Das EQS-Fachgremium Patientensicherheit zeichnet Krankenhäuser für innovative Modelle aus

Sehr geehrte Damen und Herren, 

wir möchten Sie darüber informieren, dass heute zwei Hamburger Krankenhäuser von der Jury des EQS-Fachgremiums Patientensicherheit für wegweisende und bereits verwirklichte Ideen zur Patientensicherheit ausgezeichnet wurden: 

  • das Universitätskrankenhaus Hamburg-Eppendorf (UKE) für das „Patientenpasswort“ auf der Kinder-Intensivstation,
  • das Evangelische Krankenhaus Alsterdorf für große Schritte auf dem Weg zum „demenzsensiblen Krankenhaus“.

Zur Bewertung wurden die Bewertungskriterien des Aktionsbündnisses Patientensicherheit genutzt.

Das Patientenpasswort im UKE
Auf der Kinder-Intensivstation des UKE haben die Eltern bereits seit zehn Jahren die Möglichkeit, mit dem medizinischen Personal ein Passwort zu vereinbaren, um Informationen über den Gesundheitszustand ihres Kindes zu erhalten.
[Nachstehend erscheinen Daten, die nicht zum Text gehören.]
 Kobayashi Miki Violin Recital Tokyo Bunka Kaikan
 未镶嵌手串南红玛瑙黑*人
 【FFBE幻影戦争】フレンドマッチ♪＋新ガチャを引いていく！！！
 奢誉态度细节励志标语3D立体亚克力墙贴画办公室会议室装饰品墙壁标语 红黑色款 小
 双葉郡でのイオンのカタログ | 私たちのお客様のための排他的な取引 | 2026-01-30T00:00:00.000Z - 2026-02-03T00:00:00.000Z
Wer es kennt, wird informiert. Die Eltern haben es damit selbst in der Hand, zu entscheiden, wer informiert werden darf und wer nicht. Das stärkt die Kommunikation zwischen den Eltern und den medizinischen Mitarbeitern der Station. Das Personal wird somit von der schwierigen Identitätsprüfung bei jedem Anruf entlastet.

Die Jury war von diesem Projekt aus mehreren Gründen überzeugt: 

  • Die Idee ist bestechend einfach und
  • das Projekt ist völlig kostenneutral.
  • Das Patientenpasswort wird seit vielen Jahren im Regelbetrieb genutzt und hat nach Aussage der Mitarbeiter noch nie zu Problemen oder Unsicherheiten geführt.
  • Dieses Verfahren kommt auch bereits auf anderen Stationen des UKE zur Anwendung und wird von Krankenhäusern, nicht nur aus Deutschland, mit Interesse studiert und teilweise auch kopiert.
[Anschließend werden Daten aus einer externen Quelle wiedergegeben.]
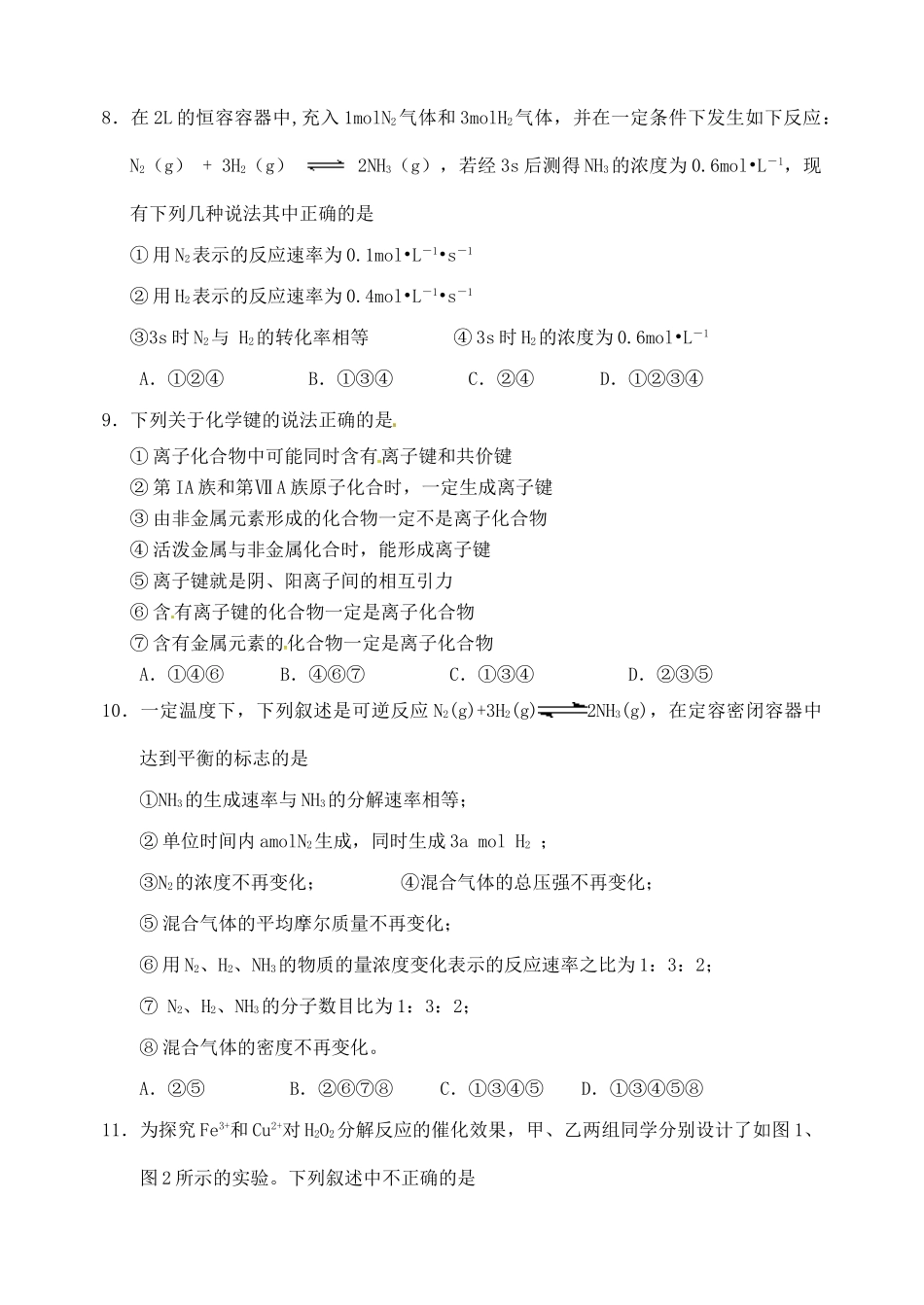 吉林省延边二中高一化学下学期期中试题-人教版高一全册化学试题_第3页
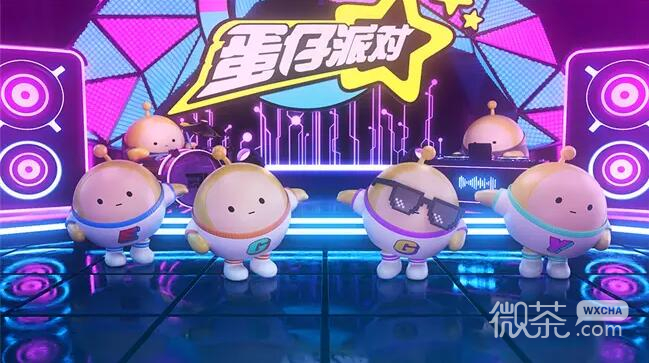蛋仔派对转转蛋糕教程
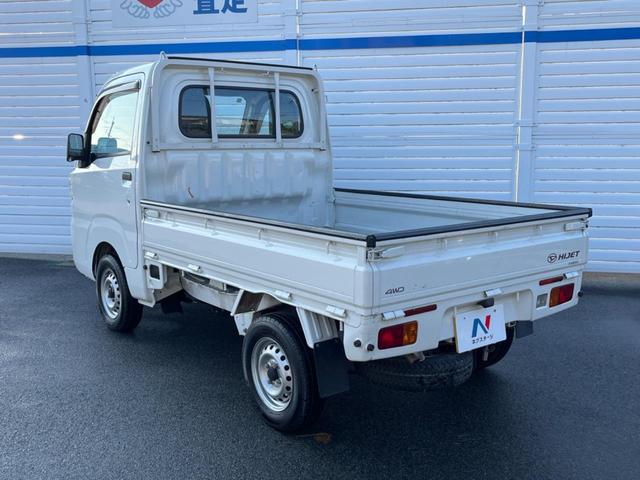 ハイゼットトラック スタンダード　４ＷＤ　ＥＴＣ（29枚目）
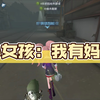 小女孩：我有妈妈_第五人格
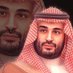 ابتسام علي العمار (@byswalmar) Twitter profile photo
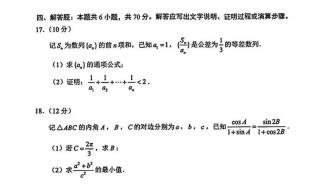 2022年考研数学卷子什么时候出完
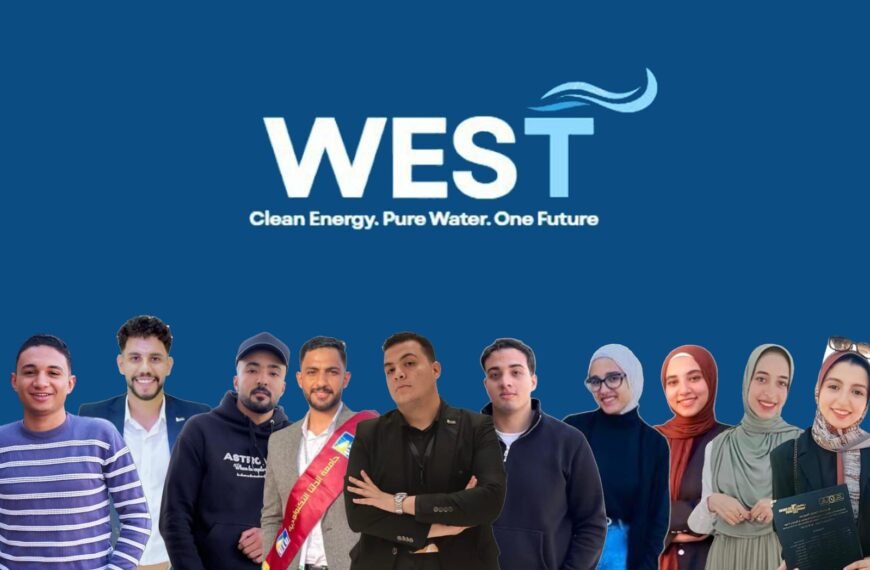 تمويل جديد لجامعة الدلتا التكنولوجية لمشروع سخان شمسي مبتكر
Die Jury regt an, dieses Verfahren wissenschaftlich evaluieren und publizieren zu lassen. Durch eine Publikation könnte das Interesse weiterer Kliniken für eine Umsetzung des Verfahrens geweckt werden.

Evangelisches Krankenhaus Alsterdorf:
Demenz ist nicht das Ende der Selbstbestimmung!
Krankenhäuser sind im Klinikalltag mit seinen eng getakteten Abläufen nicht auf die wachsende Anzahl von Menschen mit Demenz eingestellt. Das Evangelische Krankenhaus Alsterdorf ist auf dem Weg zum „demenzsensiblen Krankenhaus“ und hat mit der Station „D·A·V·I·D“ (Diagnostik, Akuttherapie, Validation, Innere Medizin, Demenz) einen geschützten Ort für akut erkrankte Patienten mit der Nebendiagnose Demenz eingerichtet. Durch ein besonderes Konzept werden Qualität und Sicherheit der Versorgung gestärkt: 

  • Ein besonderes Raumkonzept erleichtert den Patienten die Orientierung.
  • Die Untersuchungen werden im Patientenzimmer durchgeführt.
  • Die Mitarbeitenden werden berufsgruppenübergreifend in Umgang und Kommunikation mit Menschen mit Demenz geschult, künftig als verpflichtender Teil der internen Fortbildung.
  • Geschulte Multiplikatoren können im Stationsalltag aller Fachbereiche beratend hinzugezogen werden.
  • Ein Demenz- und Delir-Screening für Risikopatienten sorgt für bedarfsgerechte Medikation und senkt Komplikationen bei akuter Verwirrtheit.
  • 2017 werden Ergebnisse der Evaluation vorliegen. Schon jetzt ist abzusehen, dass auf der Station „D·A·V·I·D“ weniger Beruhigungsmittel eingesetzt werden.
  • Ein ethischer Handlungsleitfaden „Wahrung der Patientenautonomie in Diagnostik und Therapie“ bietet Mitarbeitern und Angehörigen Orientierung, wie der Wille des Betroffenen ermittelt und ernst genommen werden kann.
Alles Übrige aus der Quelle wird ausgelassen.